WHAT NEEDS TO BE DONE
Nothing but the lines from the one with "Cover of The" through the end of the records may appear in the answer, each reproduced exactly, pictures omitted.

(Extracted data entries)
------------------------------

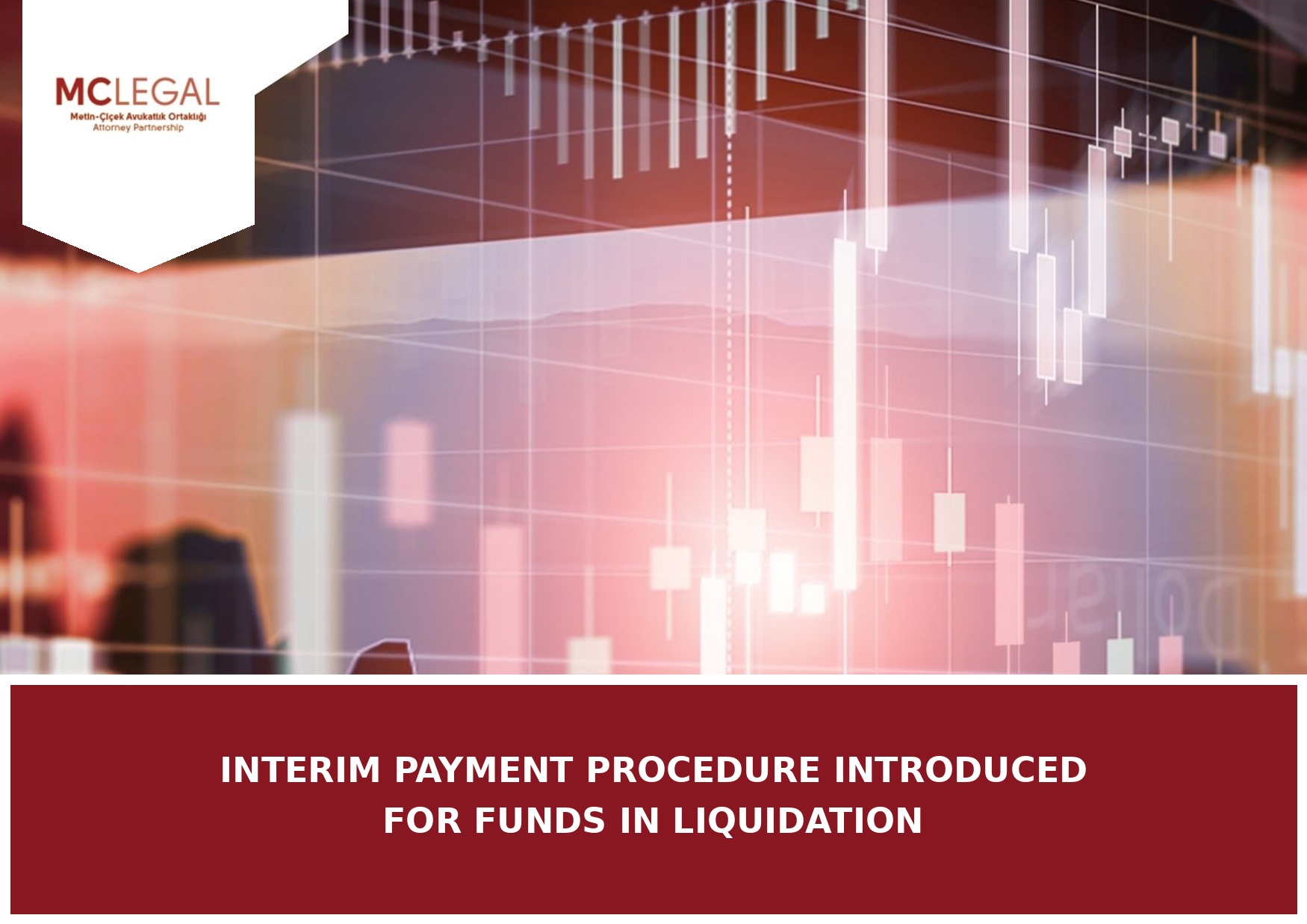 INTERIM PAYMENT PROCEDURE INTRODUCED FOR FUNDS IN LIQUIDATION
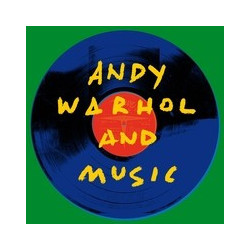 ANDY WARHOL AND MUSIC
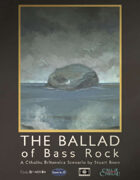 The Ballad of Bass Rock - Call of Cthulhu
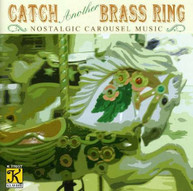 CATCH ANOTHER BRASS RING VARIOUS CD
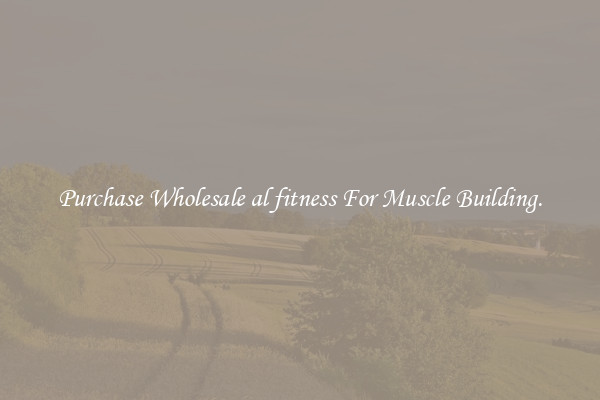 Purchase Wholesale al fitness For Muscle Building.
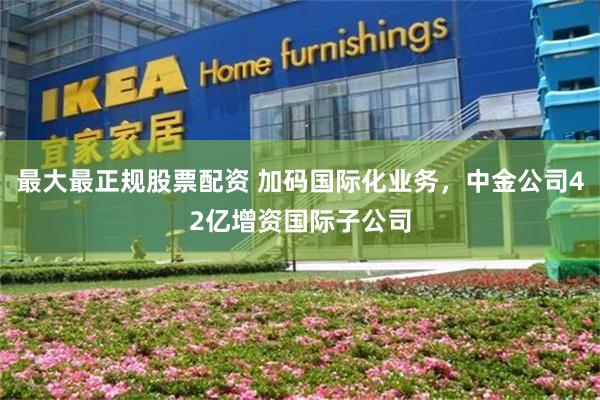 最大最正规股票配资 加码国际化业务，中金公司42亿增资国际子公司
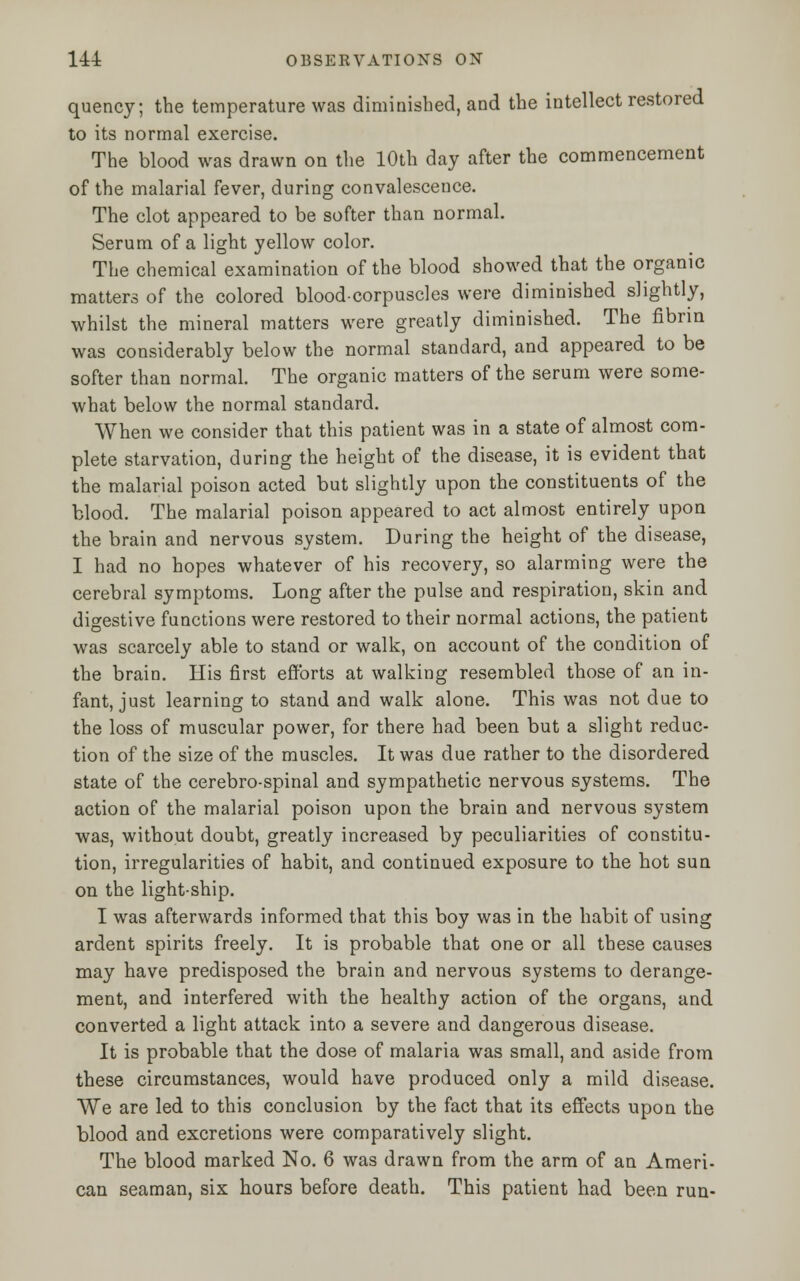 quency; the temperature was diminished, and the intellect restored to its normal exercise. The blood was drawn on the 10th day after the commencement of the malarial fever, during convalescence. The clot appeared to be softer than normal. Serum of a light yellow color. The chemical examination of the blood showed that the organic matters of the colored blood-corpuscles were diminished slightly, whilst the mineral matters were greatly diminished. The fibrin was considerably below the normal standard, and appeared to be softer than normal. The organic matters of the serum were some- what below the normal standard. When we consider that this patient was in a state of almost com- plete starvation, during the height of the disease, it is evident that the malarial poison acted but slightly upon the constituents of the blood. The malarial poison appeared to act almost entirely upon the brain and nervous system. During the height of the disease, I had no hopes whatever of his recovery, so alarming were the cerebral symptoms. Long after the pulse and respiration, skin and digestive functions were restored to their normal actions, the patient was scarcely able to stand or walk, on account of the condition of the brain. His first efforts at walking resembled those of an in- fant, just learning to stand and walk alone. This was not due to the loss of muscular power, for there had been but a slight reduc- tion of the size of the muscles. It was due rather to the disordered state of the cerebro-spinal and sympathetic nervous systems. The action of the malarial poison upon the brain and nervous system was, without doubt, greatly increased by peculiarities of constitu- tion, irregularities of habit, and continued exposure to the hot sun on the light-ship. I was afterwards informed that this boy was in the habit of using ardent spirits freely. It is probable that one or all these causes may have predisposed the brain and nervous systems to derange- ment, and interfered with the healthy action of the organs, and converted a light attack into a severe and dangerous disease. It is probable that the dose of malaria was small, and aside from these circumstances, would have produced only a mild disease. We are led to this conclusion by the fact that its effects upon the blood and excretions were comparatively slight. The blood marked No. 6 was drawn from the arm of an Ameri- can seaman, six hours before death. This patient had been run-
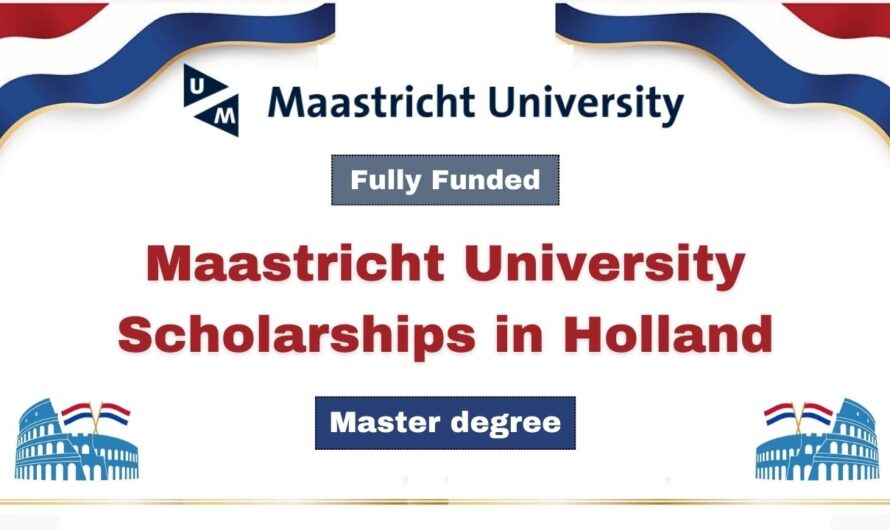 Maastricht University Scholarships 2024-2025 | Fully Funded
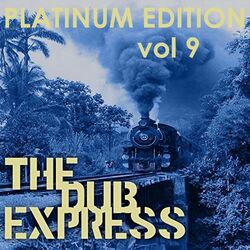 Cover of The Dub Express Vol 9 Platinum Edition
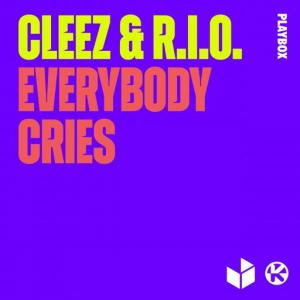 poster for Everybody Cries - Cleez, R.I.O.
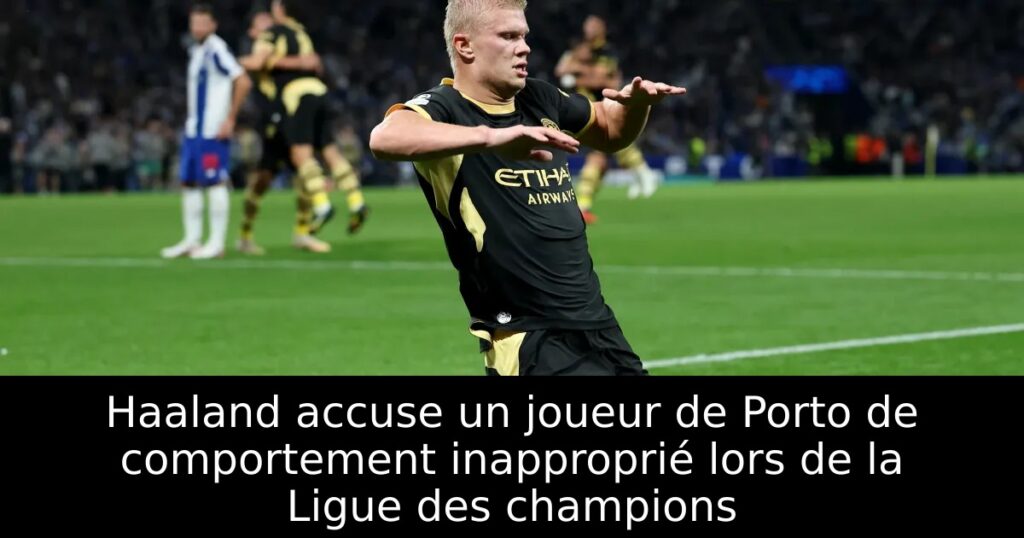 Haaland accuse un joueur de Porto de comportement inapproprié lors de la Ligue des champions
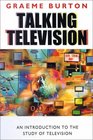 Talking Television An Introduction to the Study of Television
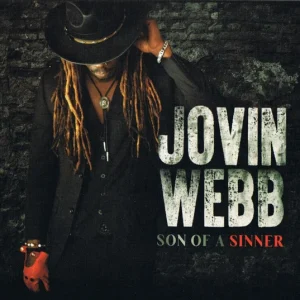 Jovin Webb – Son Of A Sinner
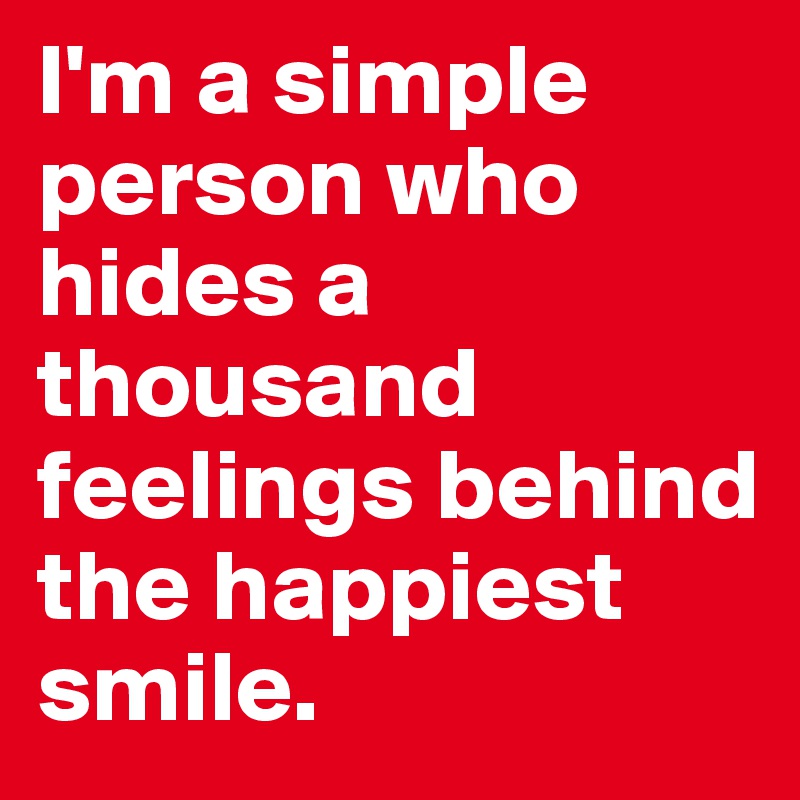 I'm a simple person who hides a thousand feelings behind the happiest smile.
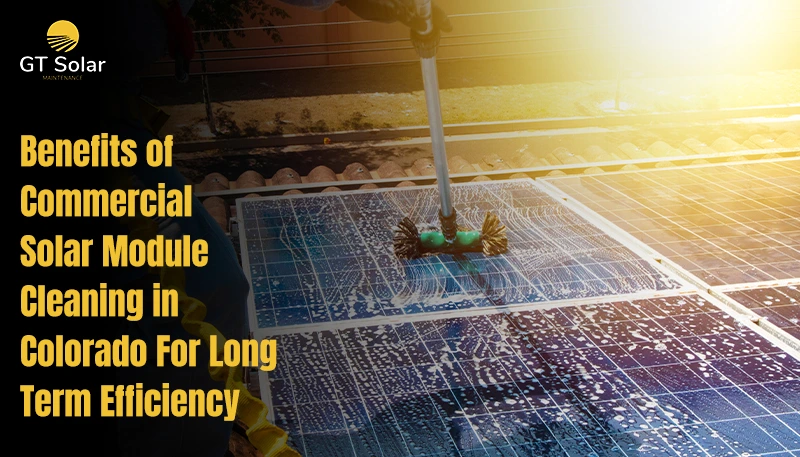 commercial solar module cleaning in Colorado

------------------------------

RESPONSE AREA
 Cover of The Dub Express Vol 9 Platinum Edition
 poster for Everybody Cries - Cleez, R.I.O.
 Haaland accuse un joueur de Porto de comportement inapproprié lors de la Ligue des champions
 Talking Television An Introduction to the Study of Television
 Jovin Webb – Son Of A Sinner
 I'm a simple person who hides a thousand feelings behind the happiest smile.
 commercial solar module cleaning in Colorado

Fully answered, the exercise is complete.